## Data for the task
=-=-=

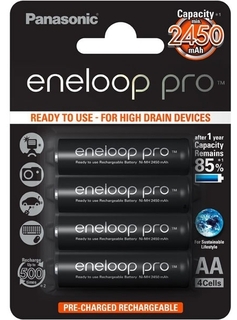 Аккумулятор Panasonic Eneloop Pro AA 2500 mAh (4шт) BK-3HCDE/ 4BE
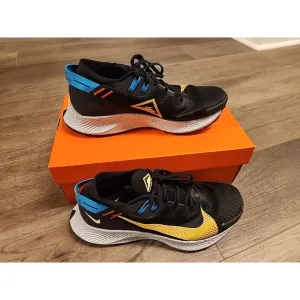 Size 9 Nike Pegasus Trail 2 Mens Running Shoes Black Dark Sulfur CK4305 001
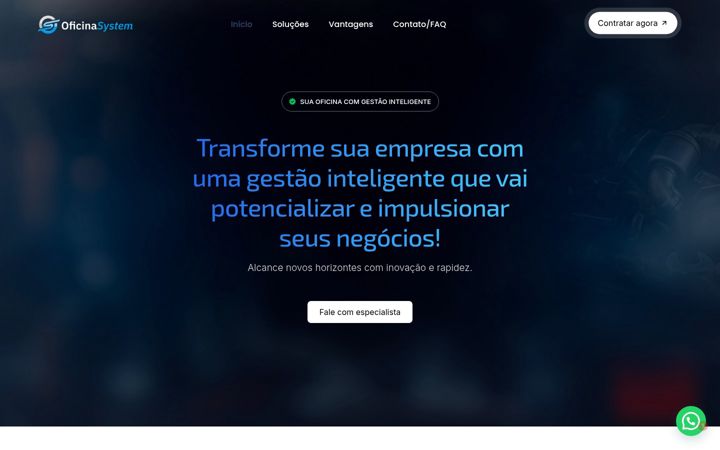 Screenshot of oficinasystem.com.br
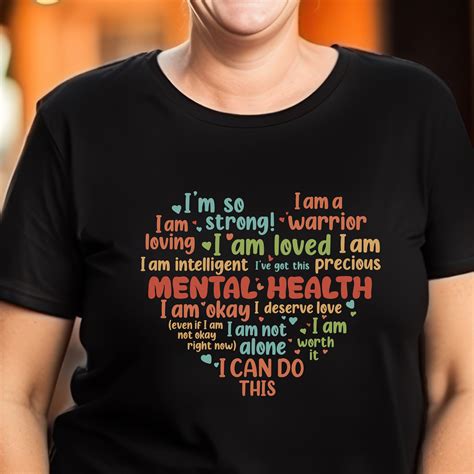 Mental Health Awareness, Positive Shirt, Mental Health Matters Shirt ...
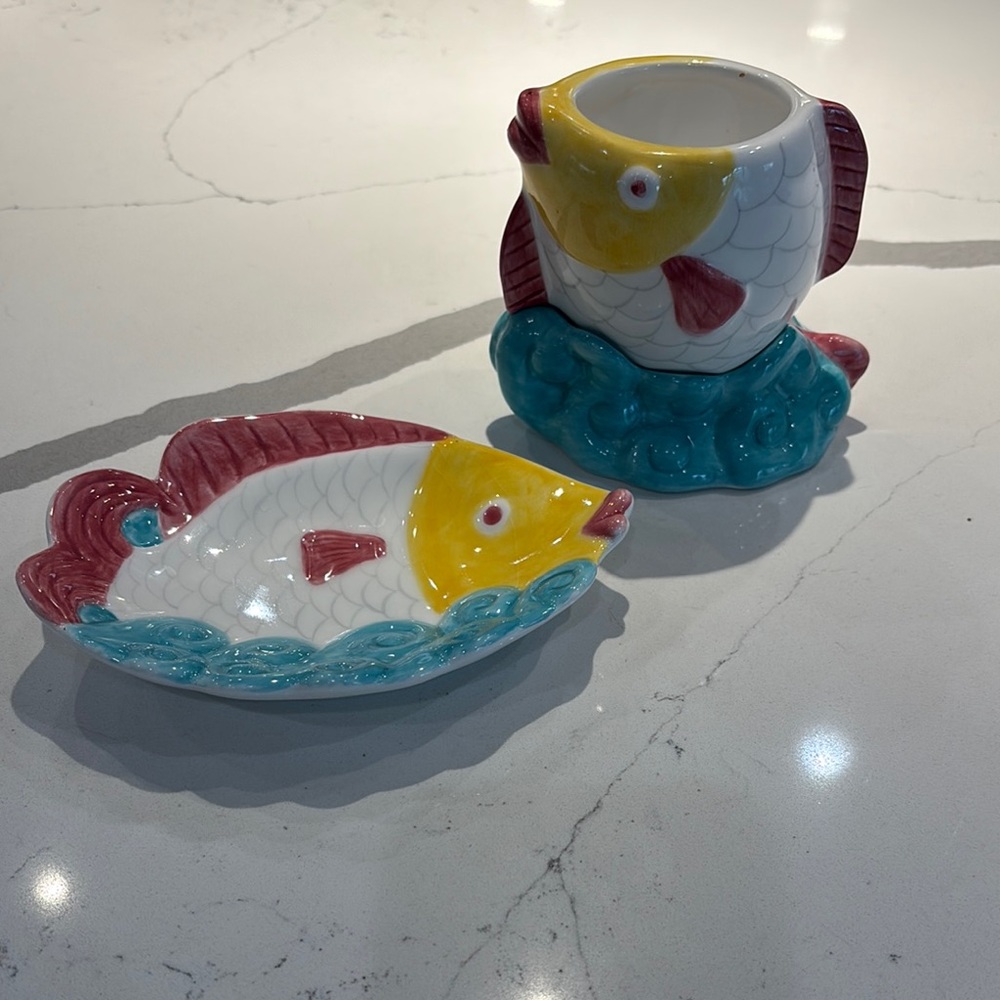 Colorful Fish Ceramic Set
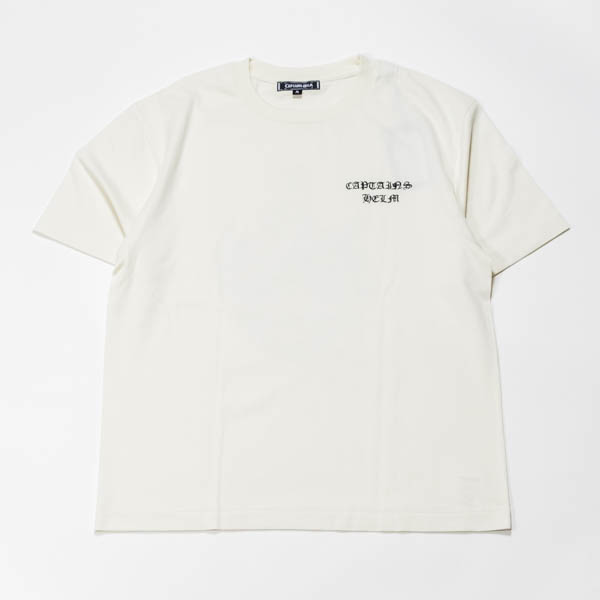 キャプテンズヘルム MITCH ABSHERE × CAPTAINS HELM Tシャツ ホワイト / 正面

=-=-=

## Prompt
Could the entries above be retyped exactly, with the pictures left out?

## Answer for this exercise
 Аккумулятор Panasonic Eneloop Pro AA 2500 mAh (4шт) BK-3HCDE/ 4BE
 Size 9 Nike Pegasus Trail 2 Mens Running Shoes Black Dark Sulfur CK4305 001
 Screenshot of oficinasystem.com.br
 Mental Health Awareness, Positive Shirt, Mental Health Matters Shirt ...
 Colorful Fish Ceramic Set
 キャプテンズヘルム MITCH ABSHERE × CAPTAINS HELM Tシャツ ホワイト / 正面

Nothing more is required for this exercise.